The cleanest mental model: a coin is the native asset of its own blockchain (BTC on Bitcoin, ETH on Ethereum), a token is a digital asset issued on top of someone else's blockchain using a shared standard like ERC-20, and an NFT is a token whose individual units are non-fungible, meaning no two are interchangeable because each carries unique data. The property that separates them is fungibility, not the technology stack.
Key takeaways
- Coins power their own blockchain; tokens piggyback on an existing one; NFTs are tokens whose units are unique and non-interchangeable.
- The split comes from fungibility, which is whether one unit is identical to and freely substitutable for any other unit of the same asset.
- Token standards (ERC-20, ERC-721, ERC-1155) define behavior on a chain, but the underlying idea of fungibility is older than the standards.
- NFTs lost roughly 95% of their 2021 peak value on most collections, and the technology is still mostly used for speculation rather than the digital-property use cases promoters promised.
What a coin, a token, and an NFT actually are
People throw these three words around as if they meant the same thing, and crypto marketing does not help.

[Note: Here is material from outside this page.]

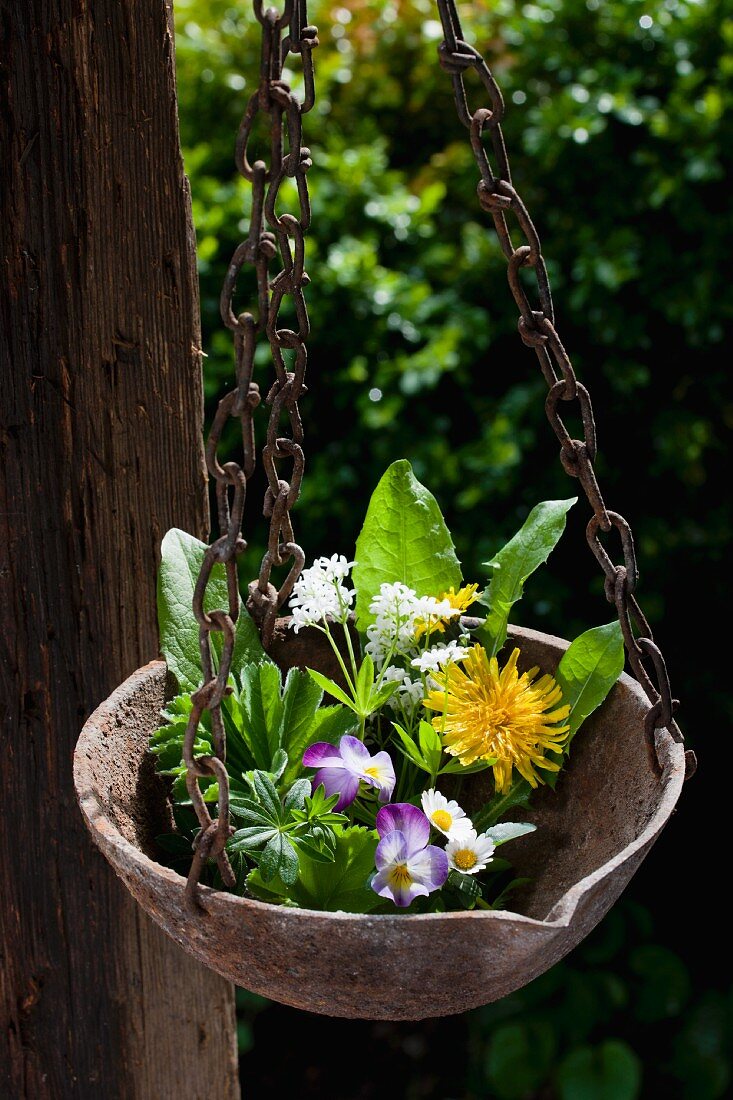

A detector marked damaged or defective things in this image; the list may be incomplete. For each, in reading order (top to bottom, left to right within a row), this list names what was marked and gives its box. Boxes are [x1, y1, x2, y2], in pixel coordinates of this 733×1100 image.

rusty chain [182, 0, 314, 910]
rusty metal bowl [71, 629, 682, 1020]
rusted metal rim [74, 629, 686, 1020]
rusty chain [435, 0, 695, 783]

Bitcoin, Ether, and a Bored Ape picture all get called coins in casual conversation, and most beginners walk away thinking the only real difference is the price chart. The real difference is more structural, and it shows up the moment you try to send, swap, or evaluate any of them.
A coin is the native asset of its own blockchain. Bitcoin (BTC) is the coin of the Bitcoin network. Ether (ETH) is the coin of Ethereum. Solana's coin is SOL. These coins are what you pay to use the network itself: miners or validators receive them as rewards, and users pay them as gas (the transaction fee that compensates whoever processes the operation). The coin is also the unit in which the network's security budget is denominated, which is why no single company can simply print more.

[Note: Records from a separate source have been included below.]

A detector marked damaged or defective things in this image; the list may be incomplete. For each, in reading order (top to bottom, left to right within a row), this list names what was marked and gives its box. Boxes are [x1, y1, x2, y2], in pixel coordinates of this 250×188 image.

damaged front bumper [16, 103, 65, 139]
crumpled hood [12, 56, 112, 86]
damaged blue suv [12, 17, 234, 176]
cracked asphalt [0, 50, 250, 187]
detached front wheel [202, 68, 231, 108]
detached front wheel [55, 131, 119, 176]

A token is a digital asset issued on top of someone else's blockchain. It does not run a network. Someone writes a smart contract (code that lives on a chain and runs automatically when called) and uses a shared token standard so wallets and exchanges can recognize the asset. Stablecoins like USDT and USDC are tokens. Uniswap's UNI is a token. Aave's AAVE is a token. The chain underneath (Ethereum, Solana, Base) is what secures them.
An NFT, short for non-fungible token, is a token whose individual units are not interchangeable. Each unit carries unique data, so a Bored Ape is not the same thing as another Bored Ape even though they came out of the same collection. That is the part that makes them non-fungible. The image, video, or document is usually stored elsewhere (more on that below), and the NFT on-chain is more like a tamper-evident certificate pointing at that file.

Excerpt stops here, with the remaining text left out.